Onunla geçirdiğim son anlardı. Son anlarımızdı.

Onu bırakmak için çok erkendi. Herşey için çok erkendi. Bizim için. Ailesi için. Ölmesi için.

Daha bizim kendi ailemiz olucaktı. Bacaklarımıza sarılıp peşimizden koşan minik Esila ve Egemiz olucaktı. OLMALIYDI. 

Ona veda mı etmeliydim? Ya da sessizce elini tutup göz yaşlarımı serbest mi bırakmalıyım ? 

Ne yapmalıyım?

" Bana masal anlatır mısın?" dedi kısık sesiyle.

Gülümseyerek burnumu çektim.

" Bir varmış bir yokmuş.." 

Bir varmış bir yokmuş diye başlayan masalların hiçbirinde ayrılık yoktur derler. Biz neden kurallara uymuyorduk ki ?

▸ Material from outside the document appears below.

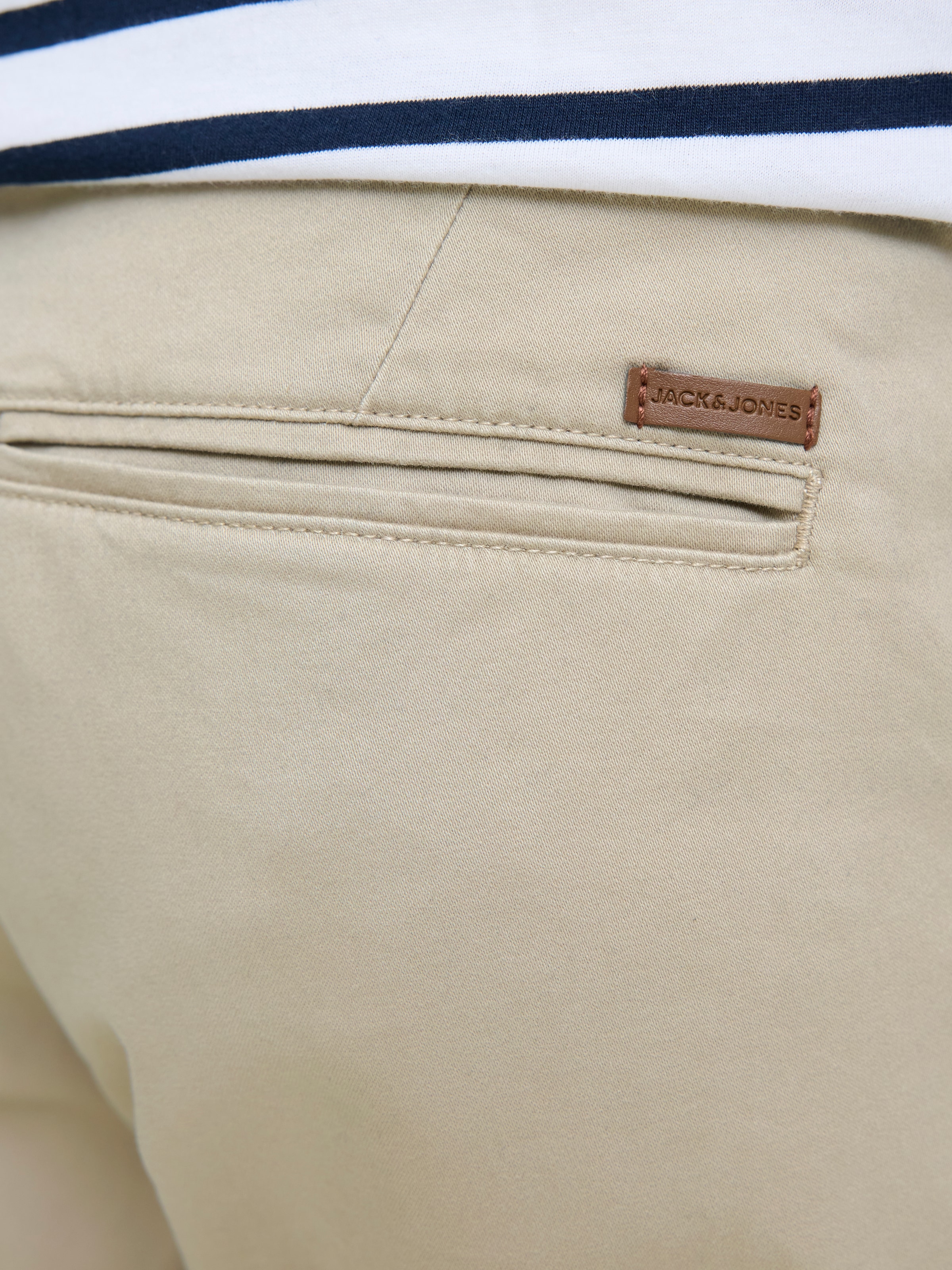 Jack & Jones PlusSize Short en chino »JPSTBOWIE JJSHORTS SOLID SN  PLS«  avec revers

" Doruk ve Mercan adında iki genç varmış..." ikimizin başına geçenleri kısaca masal gibi anlatıp gözlerine bakıyordum. " Doruk hastalığını yenmiş ve hastaneden çıkmıştı. Mercanla beraber hayalindeki çocuklarıyla beraber evlerinde mutlu mesut yaşamışlar " diyerek hikayemi sonlandırdım. 

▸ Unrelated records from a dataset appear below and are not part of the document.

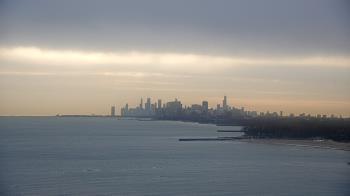 Weather camera view of Northwestern University.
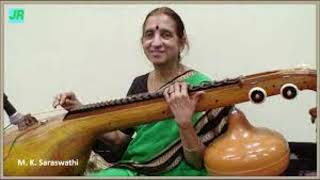 M K Saraswathi veena saketanagara harikamboji Mysore Sadasiva Rao [upl. by Jovi]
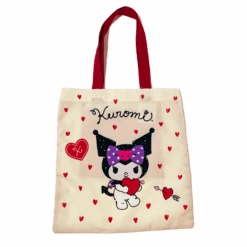 Sanrio Characters Heart Pattern Tote Bag -Kids Home Store kuromivfront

Doruğun ellerini yüzüme uzatıp göz yaşlarımı silmesiyle farkettim ağladığımı. Ne zamandır ağlıyordum?

Çaresiz olmaktan da, çaresiz gözükmekten de nefret ediyordum.

" Mercan. "

" Efendim Birtanem " dedim burnumu çekerek.

" Ne olursa olsun kendine iyi bak üzme tamam mı ? Seni çok seviyorum." 

Aklıma gelen fikirle onun konuşmasını yarıda kestim. 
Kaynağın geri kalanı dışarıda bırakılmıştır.